The Supreme Court said, “In Koushal, this Court rejected the Naz formulation on the ground that those who indulge in carnal intercourse in the ordinary course and those who ... [do so] against the order of nature constitute different classes. Koushal endorsed that Section 377 does not suffer from arbitrariness or from an irrational classification.”

In the context of this particular episode, the apex court cited Seth’s poetry — “Through love’s great power to be made whole in mind and body, heart and soul. Through freedom to find joy, or be by dint of joy itself set free in love and in companion hood: This is the true and natural good. To undo justice, and to seek; To quash the rights that guard the weak; To sneer at love, and wrench apart the bonds of body, mind and heart; With specious reason and no rhyme: This is the true unnatural crime.”

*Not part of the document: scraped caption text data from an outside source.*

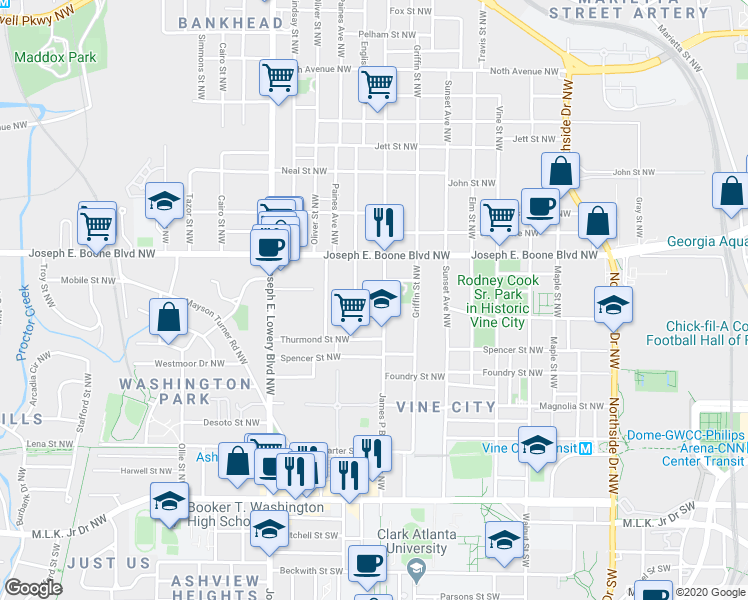 map of restaurants, bars, coffee shops, grocery stores, and more near Pond Street Northwest in Atlanta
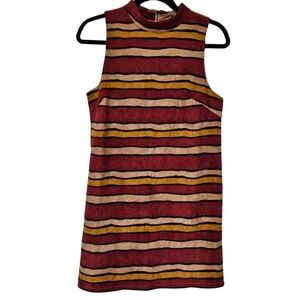 Very J corduroy striped a-line dress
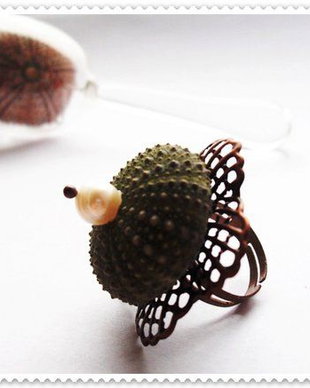 ♥Inel Urchin cu perla de cultura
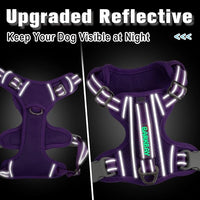 BARKBAY Dog Harness No Pull with ID Tag Pocket - Heavy Duty, Reflective, Easy Control for Large Dogs(Purple,L)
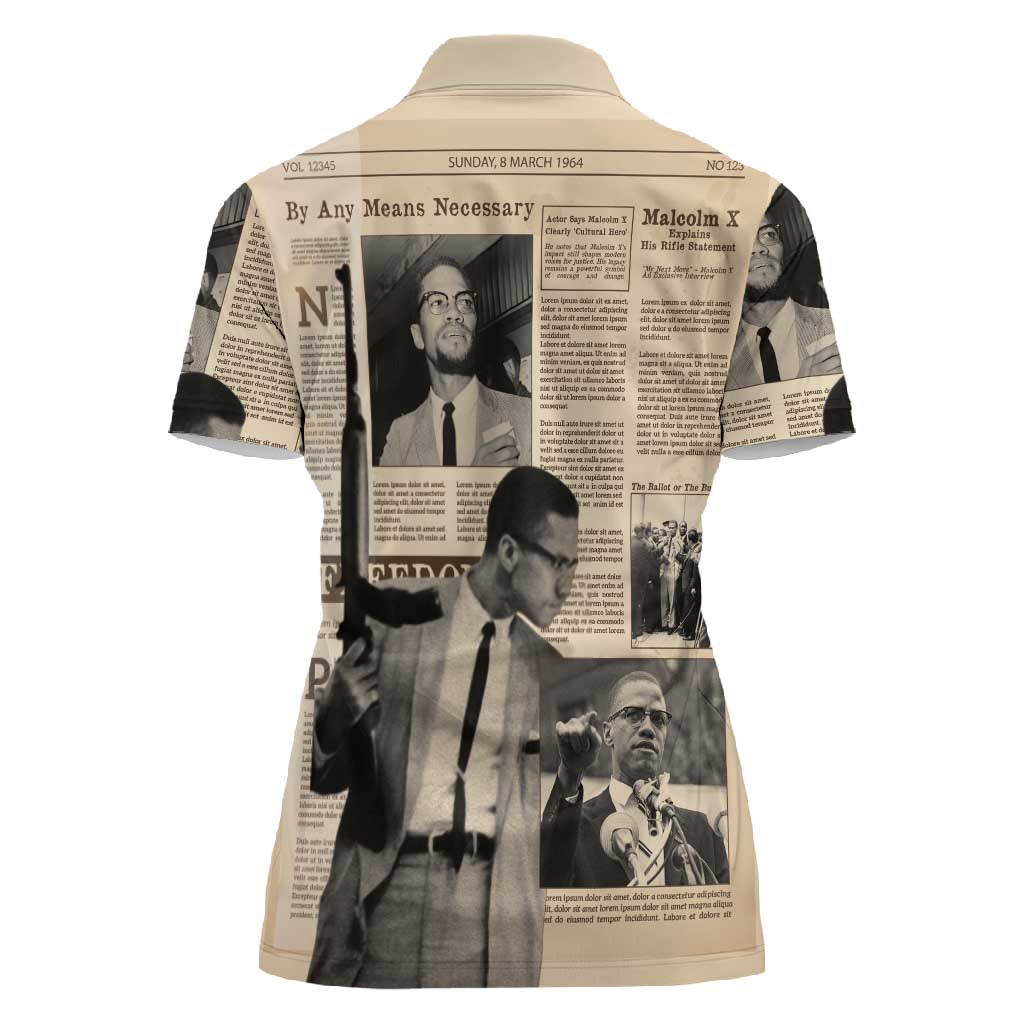 Malcolm X Vintage Newspaper Print Style Women Polo Shirt LT15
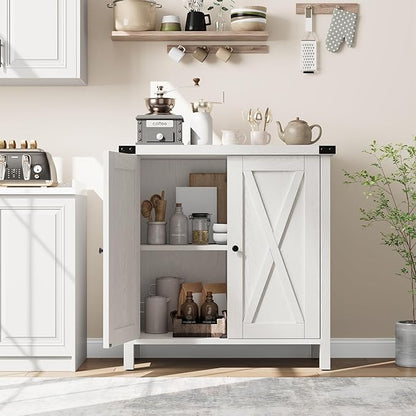 GarveeHome Small Storage Cabinet, Farmhouse Sideboard Buffet Cabinet with 2 Doors and Adjustable Shelves, Accent Entryway Console Cabinets for Living Room, Dining Room (White, 2 Pieces)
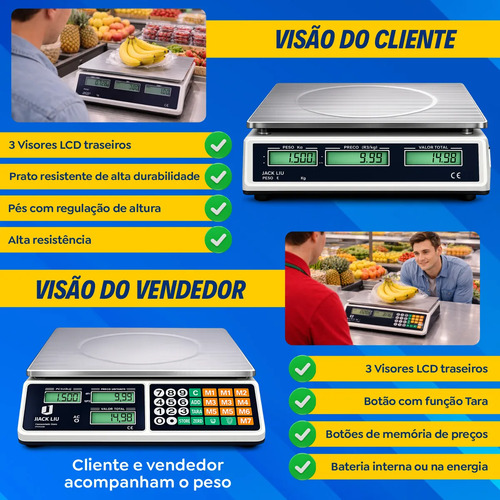 Balança Comercial 40kg Digital Display Duplo Bateria Hw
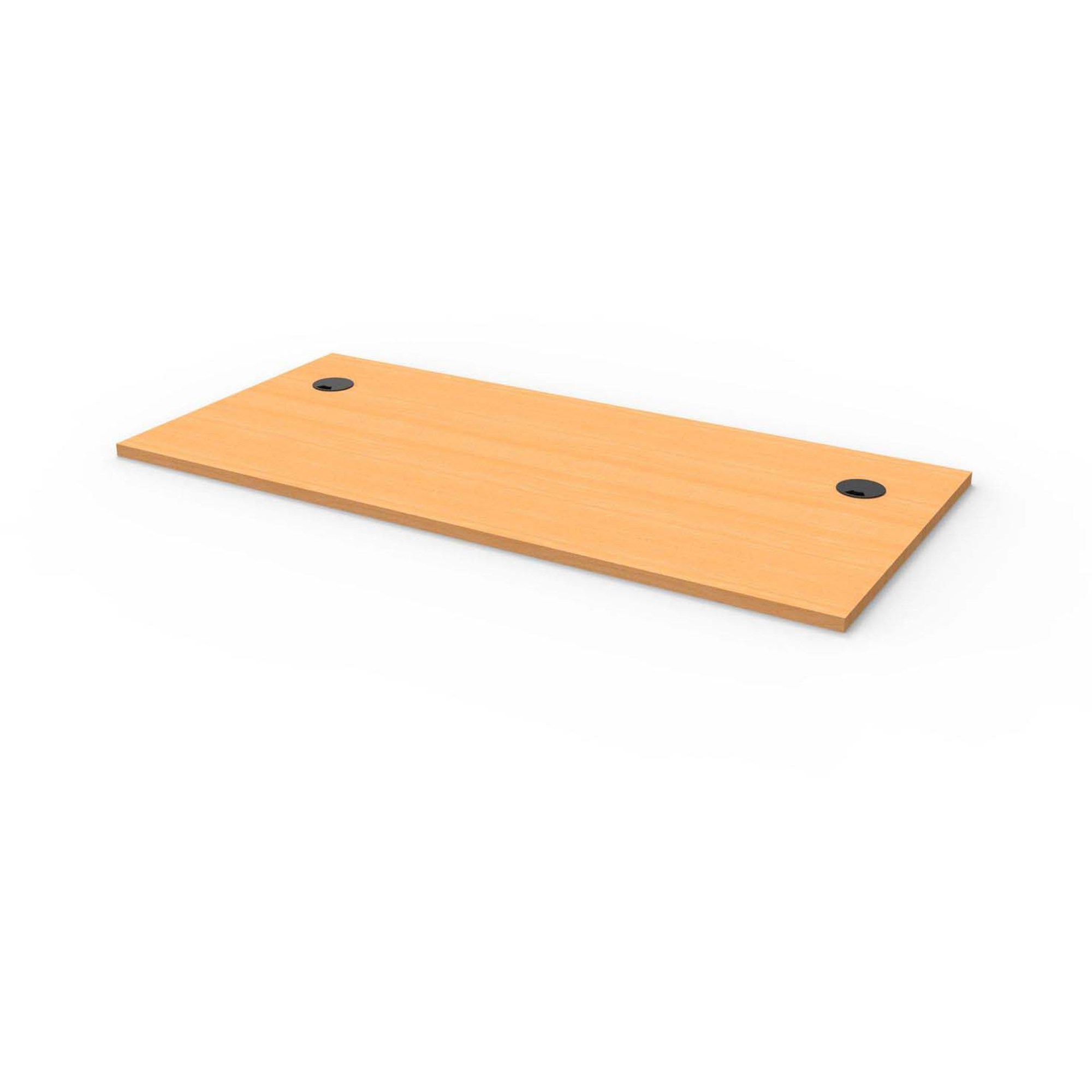 Rapidline Rectangle Desk Top Only 1500W x 700D x 25mmH With 2 Cable Ports Beech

Oscar Wilde’s 'The Love That Dare Not Speak Its Name'

The SC said that Criminal Law Amendment Act, 1885 made “gross indecency” a crime in the United Kingdom, and was used to prosecute homosexuals where sodomy could not be proven. In 1895, Oscar Wilde was arrested under the Act for ‘committing acts of gross indecency with male persons’. During Wilde’s trial, the Prosecutor, referring to homosexual love, asked him, “What is ‘the love that dare not speak its name’?”

Wilde responded: “The love that dare not speak its name” in this century is such a great affection of an elder for a younger man as there was between David and Jonathan, such as Plato made the very basis of his philosophy, and such as you find in the sonnets of Michelangelo and Shakespeare.

“It is that deep spiritual affection that is as pure as it is perfect. It dictates and pervades great works of art, like those of Shakespeare and Michelangelo, and those two letters of mine, such as they are. It is in this century misunderstood, so much misunderstood that it may be described as “the love that dare not speak its name,” and on that account of it I am placed where I am now. It is beautiful, it is fine, and it is the noblest form of affection. There is nothing unnatural about it. It is intellectual, and it repeatedly exists between an older and a younger man, when the older man has intellect, and the younger man has all the joy, hope and glamour of life before him.”

Wilde was held guilty and was sentenced to two years’ hard labour and subsequently incarcerated.

Leonard Cohen’s Song 'Democracy' for Colonial Baggage

While speaking on the colonial origins of Section 377, the Supreme Court quoted lyrics from Leonard Cohen’s song ‘Democracy’ — “It’s coming through a hole in the air, it’s coming from the feel that this ain’t exactly real, or it’s real, but it ain’t exactly there. From the wars against disorder, from the sirens night and day, from the fires of the homeless, from the ashes of the gay: Democracy is coming…”

It further said, “An inquiry into the colonial origins of Section 377 and its postulations about sexuality is useful in assessing the relevance of the provision in contemporary times.” The Court laid down, “This provision, understood as prohibiting non-peno vaginal intercourse, reflects the imposition of a particular set of morals by a colonial power at a particular point in history.”

In order to understand the colonial origins of Section 377, it is necessary to go further back to modern English law’s conception of anal and oral intercourse, which was firmly rooted in Judeo-Christian morality and condemned non-procreative sex, said SC.